- Try it: Below is a block of entries, which should be copied verbatim apart from the pictures.

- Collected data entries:
------------------------------------------------------------------------
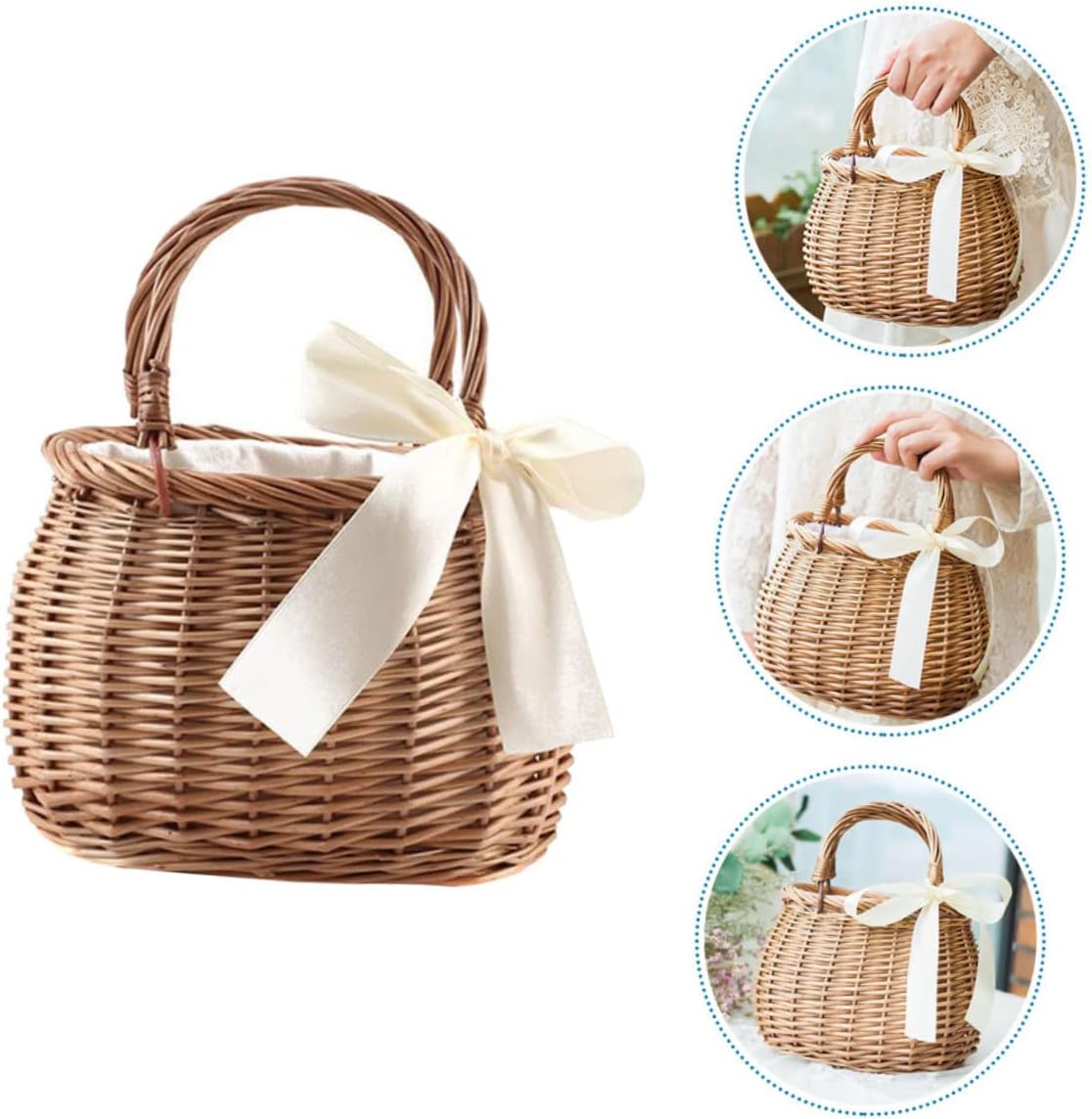 Gadpiparty Hand-Woven Willow Flower Basket 8.26X5.90X4.72 Inch Rustic Wicker Storage Container for Flower Girls Picnic Garden Decor and Multi-Functional Use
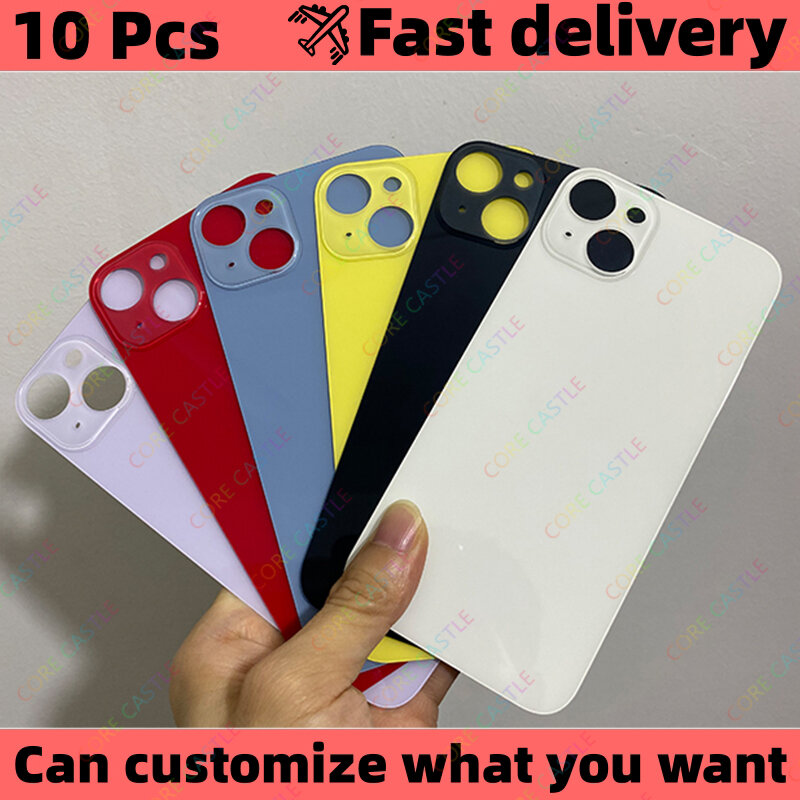 10Pcs For iPhone 14 Back Glass Panel Battery Cover Replacement Parts NEW High quality Big Hole Camera Rear Door Housing Bezel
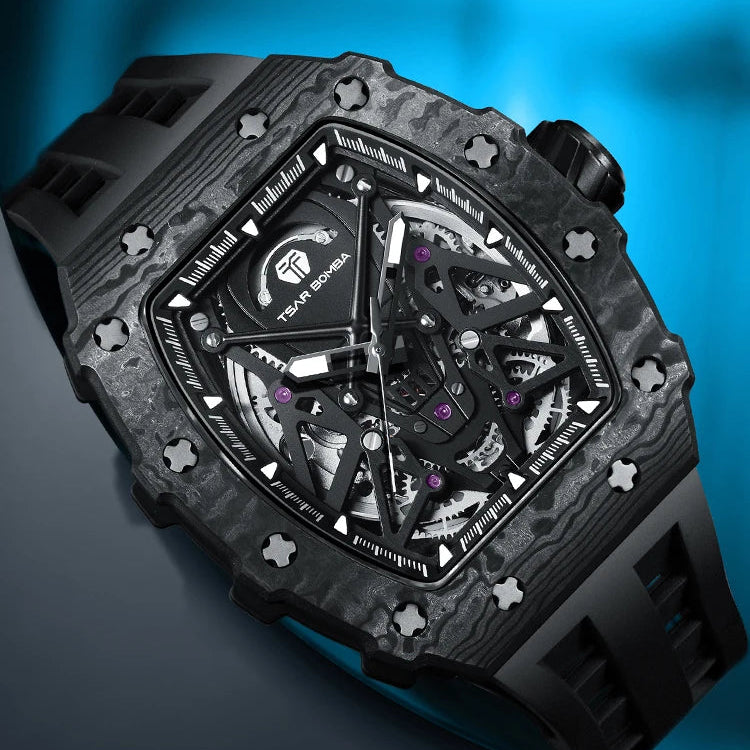 TSAR BOMBA – Carbon Fiber Automatic Men’s Watch (Model TB-8207)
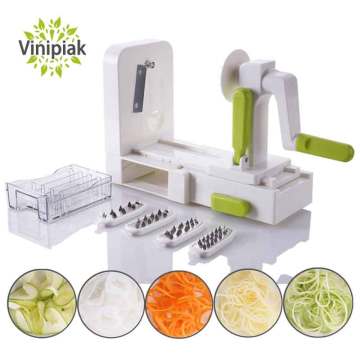 Folding 5 Blade Vegetable Spiralizer Veggie Pasta & Spaghetti Vegetable Spiral Slicer Carrot Zucchini Noodler Maker Zoodle Maker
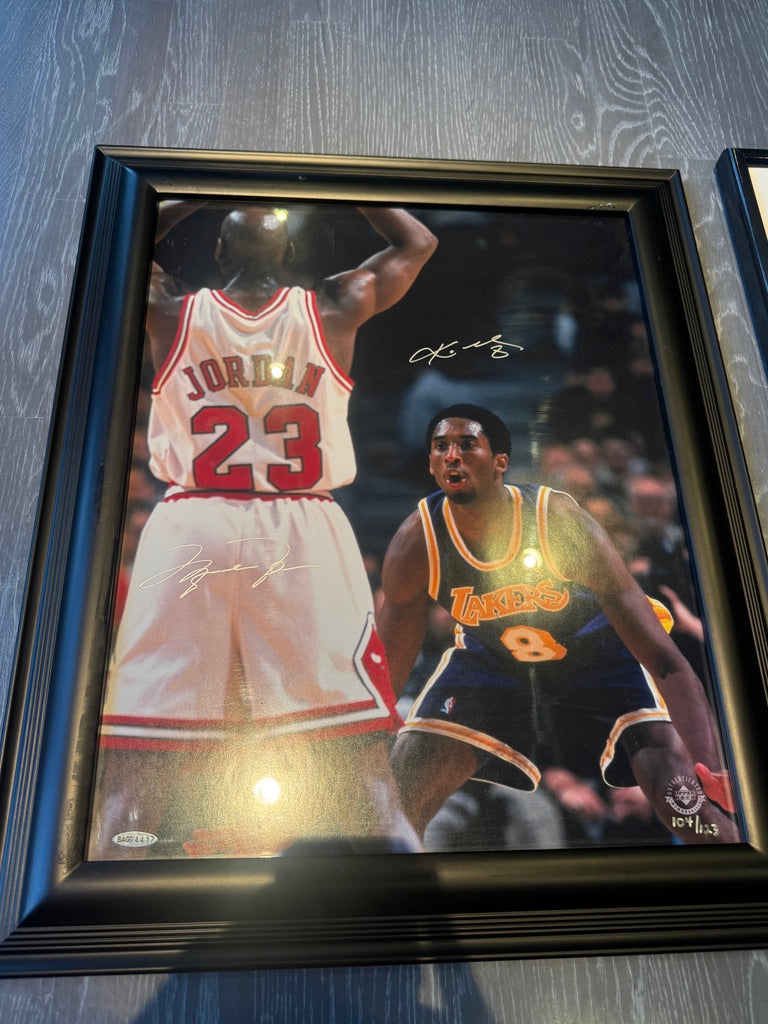 Michael Jordan V Kobe Bryant Dual Signed 16x20 Auto Photo UDA Upper Deck LE /123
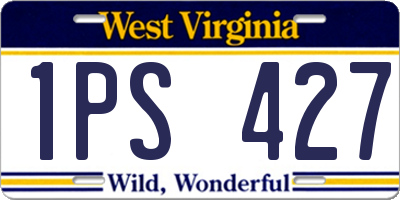 WV license plate 1PS427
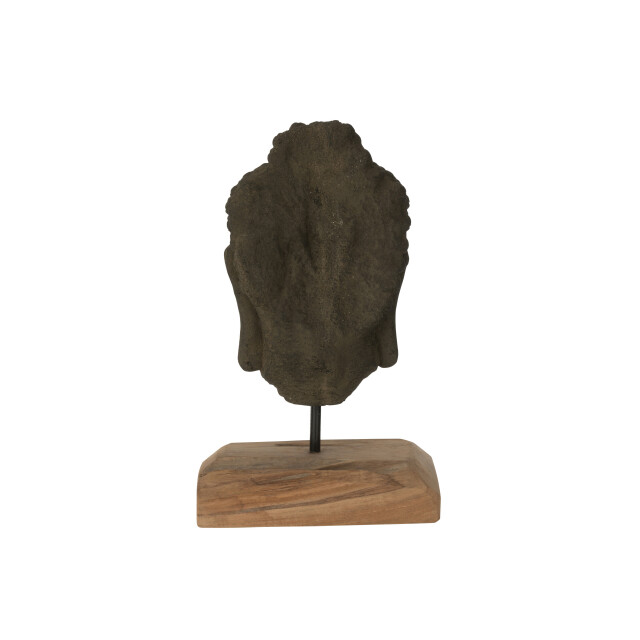 J-Line decoratie hoofd teakhout/cement /naturel 25x18x44cm 3009204 large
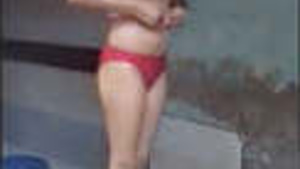 Desi village girl caught wearing bra after shower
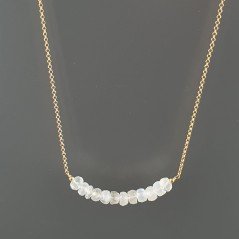Collana Girocollo Con Catena Dorato Argento 925 E  Pietra Di Luna (Adularia) Taglio Rondelle Sfaccettato A Mano 1Pz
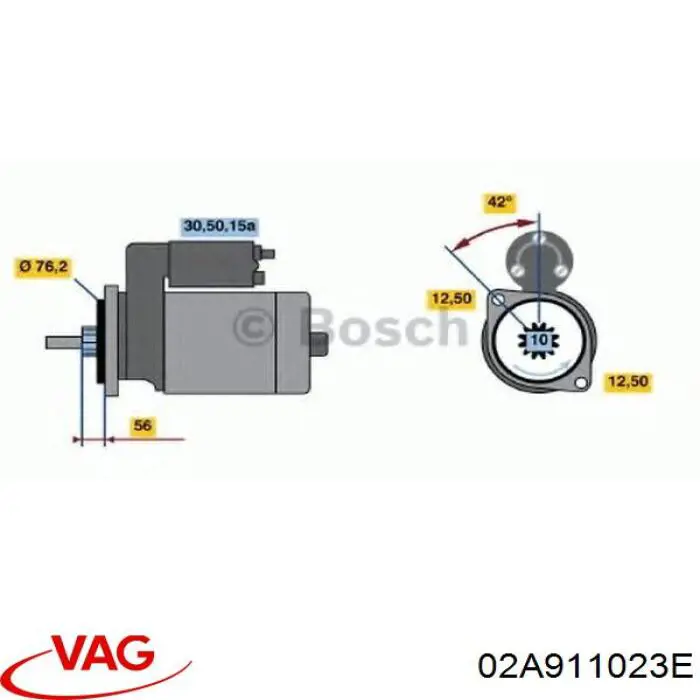 Burro de arranque  VAG 02A911023E precio, desde 82,76 EUR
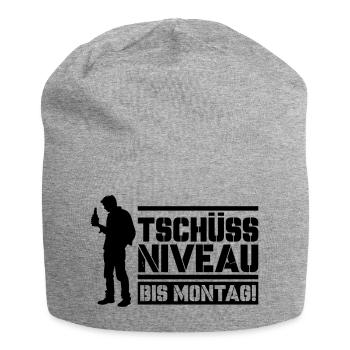 Tschüss Niveau bis Montag - Jersey-Beanie - Grau meliert - Vorne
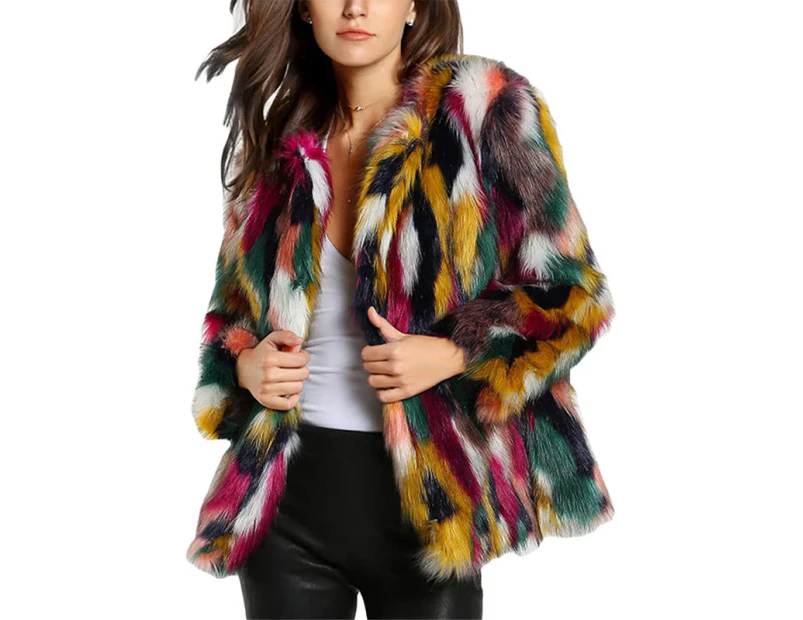 Lookbook Womens Winter Luxury Faux Fur Coat Warm Plush Cardigan Jacket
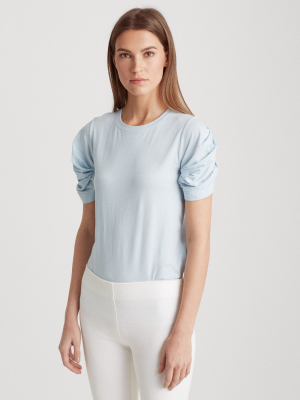 Bubble-sleeve Cotton Tee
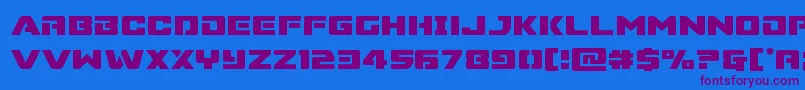 Supercommando-Schriftart – Violette Schriften auf blauem Hintergrund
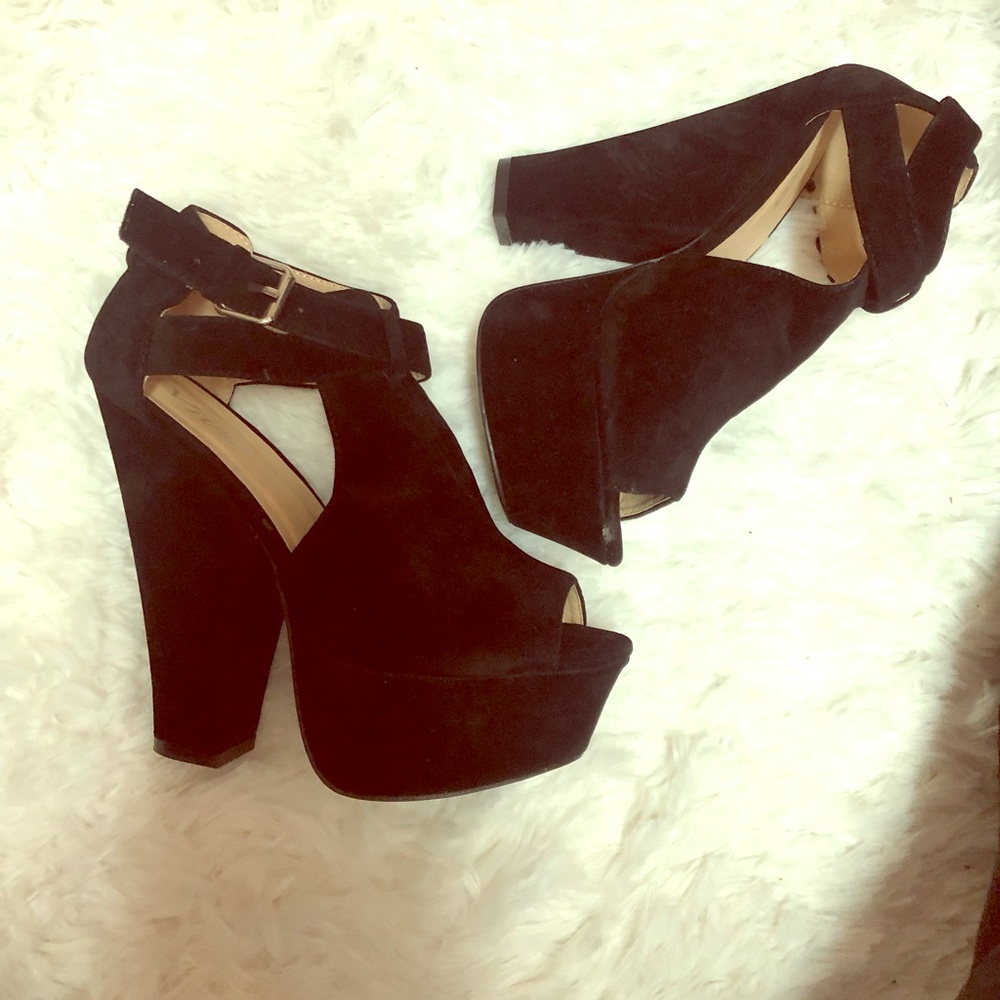High platform black wedges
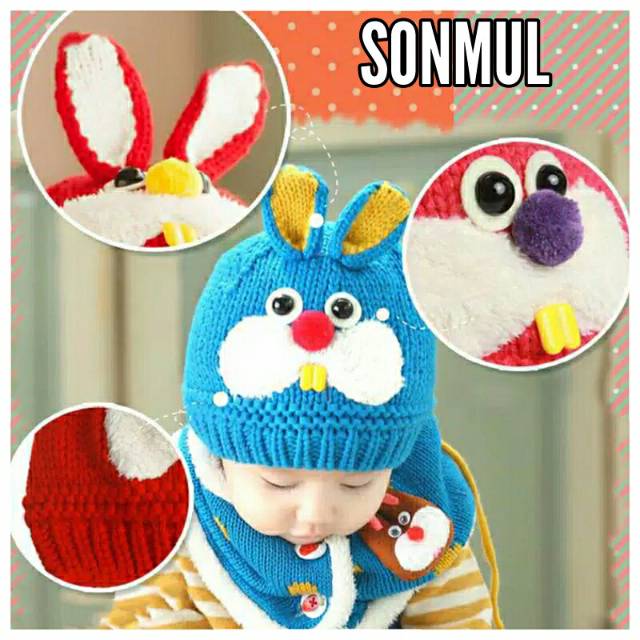 KIDS WINTER BUNNY SET HAT &amp; SCARF KNITTED TOPI DAN SYAL RAJUT ANAK MUSIM DINGIN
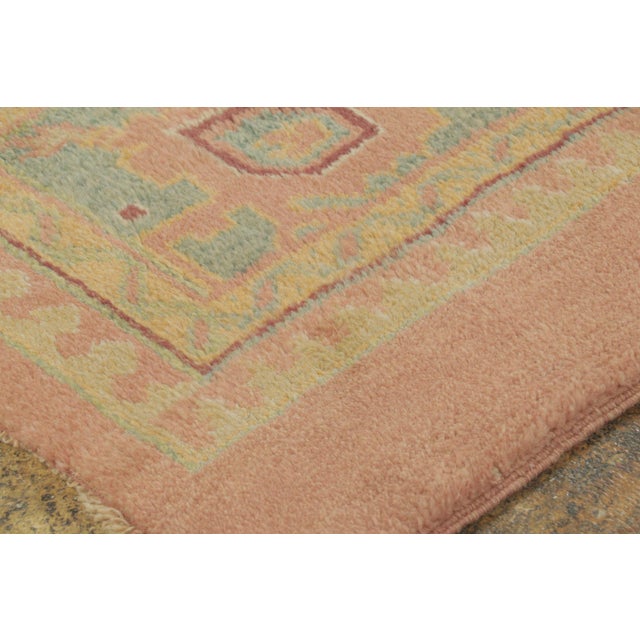 Antique Turkish Oushak Runner in Blue & Peach With Floral Geometry - Rug & Kilim For Sale In New York - Image 6 of 6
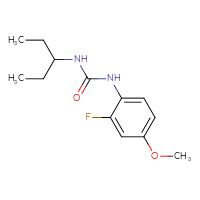 Chemical structure of 1-(2-fluoro-4-methoxyphenyl)-3-(pentan-3-yl)urea - CSSB02003030017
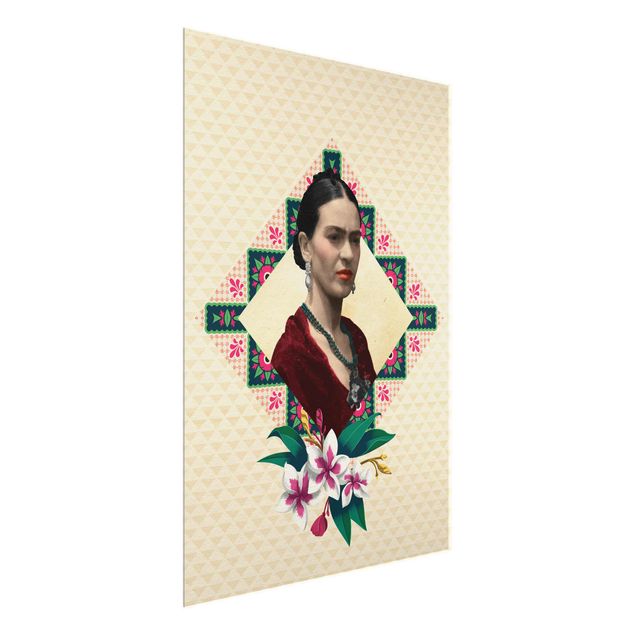 Tavlor blommor Frida Kahlo - Flowers And Geometry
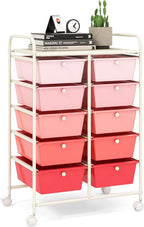 LDAILY 10 Drawer Rolling Cart, Storage Cart Organizer on Wheels, Drawer Cart with Metal Frame & Large Storage Capacity, Rolling Cart with Drawers for Living Room Classroom, Office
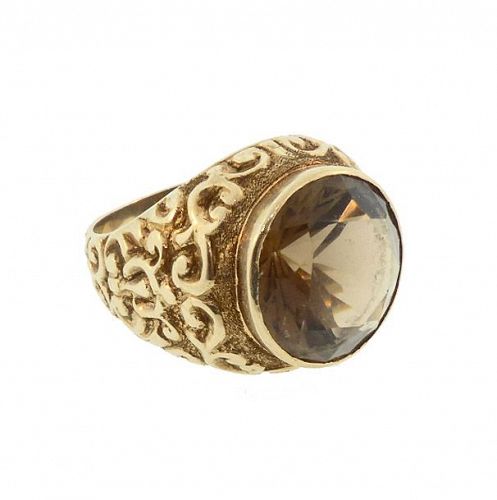 Victorian 14K Gold & Smoky Quartz Gentleman's Ring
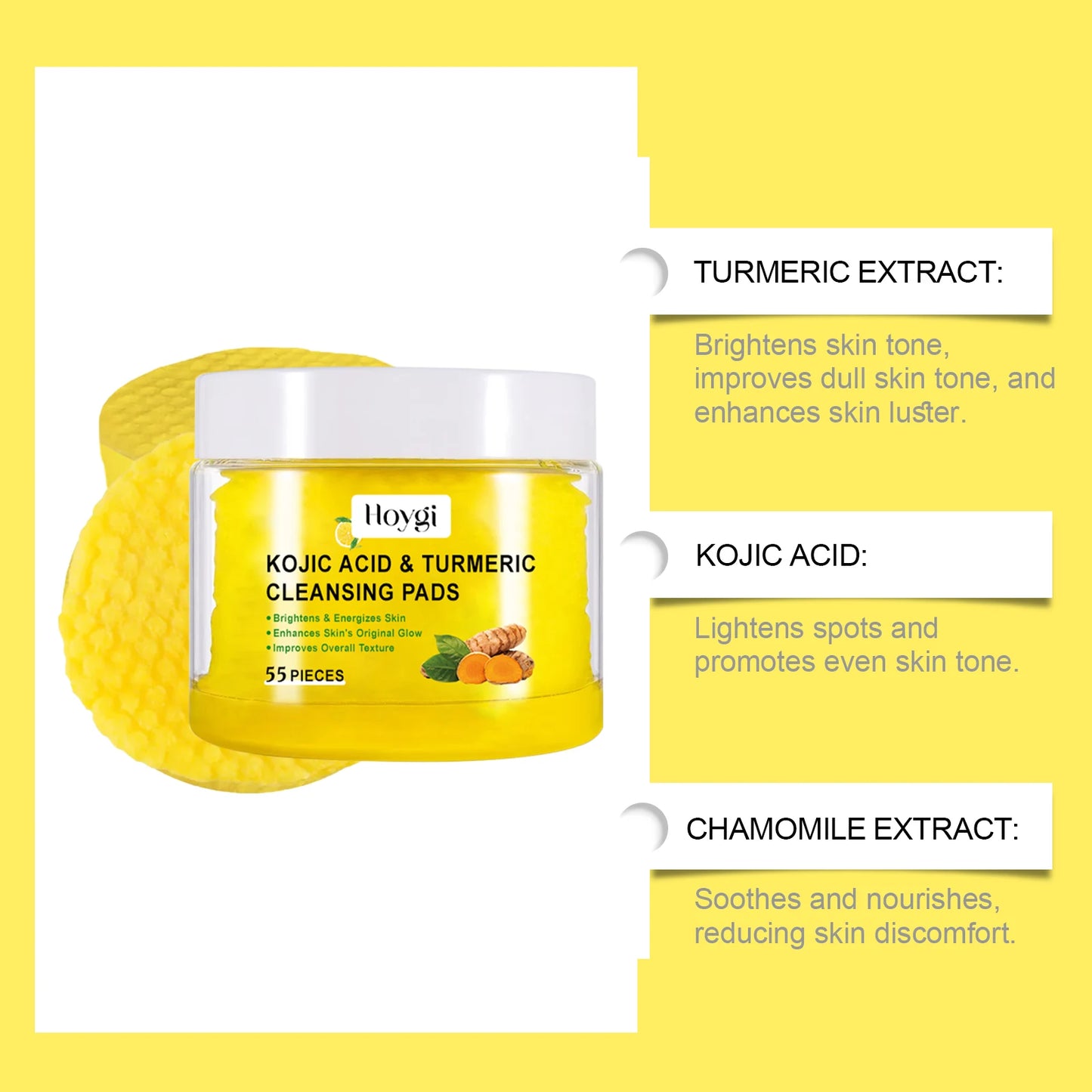 Turmeric Kojic Acid Cleansing Pads – Brighten & Exfoliate Skin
------------------------------------------------------------------------
- Answer below:
 Gadpiparty Hand-Woven Willow Flower Basket 8.26X5.90X4.72 Inch Rustic Wicker Storage Container for Flower Girls Picnic Garden Decor and Multi-Functional Use
 10Pcs For iPhone 14 Back Glass Panel Battery Cover Replacement Parts NEW High quality Big Hole Camera Rear Door Housing Bezel
 TSAR BOMBA – Carbon Fiber Automatic Men’s Watch (Model TB-8207)
 Folding 5 Blade Vegetable Spiralizer Veggie Pasta & Spaghetti Vegetable Spiral Slicer Carrot Zucchini Noodler Maker Zoodle Maker
 Michael Jordan V Kobe Bryant Dual Signed 16x20 Auto Photo UDA Upper Deck LE /123
 WV license plate 1PS427
 J-Line decoratie hoofd teakhout/cement /naturel 25x18x44cm 3009204 large
 Desi village girl caught wearing bra after shower
Collana Girocollo Con Catena Dorato Argento 925 E  Pietra Di Luna (Adularia) Taglio Rondelle Sfaccettato A Mano 1Pz
 Burro de arranque  VAG 02A911023E precio, desde 82,76 EUR
 Tschüss Niveau bis Montag - Jersey-Beanie - Grau meliert - Vorne
 Lookbook Womens Winter Luxury Faux Fur Coat Warm Plush Cardigan Jacket
 Bubble-sleeve Cotton Tee
 Supercommando-Schriftart – Violette Schriften auf blauem Hintergrund
High platform black wedges
 KIDS WINTER BUNNY SET HAT &amp; SCARF KNITTED TOPI DAN SYAL RAJUT ANAK MUSIM DINGIN
 Antique Turkish Oushak Runner in Blue & Peach With Floral Geometry - Rug & Kilim For Sale In New York - Image 6 of 6
 Chemical structure of 1-(2-fluoro-4-methoxyphenyl)-3-(pentan-3-yl)urea - CSSB02003030017
 Tavlor blommor Frida Kahlo - Flowers And Geometry
 LDAILY 10 Drawer Rolling Cart, Storage Cart Organizer on Wheels, Drawer Cart with Metal Frame & Large Storage Capacity, Rolling Cart with Drawers for Living Room Classroom, Office
 Victorian 14K Gold & Smoky Quartz Gentleman's Ring
 Turmeric Kojic Acid Cleansing Pads – Brighten & Exfoliate Skin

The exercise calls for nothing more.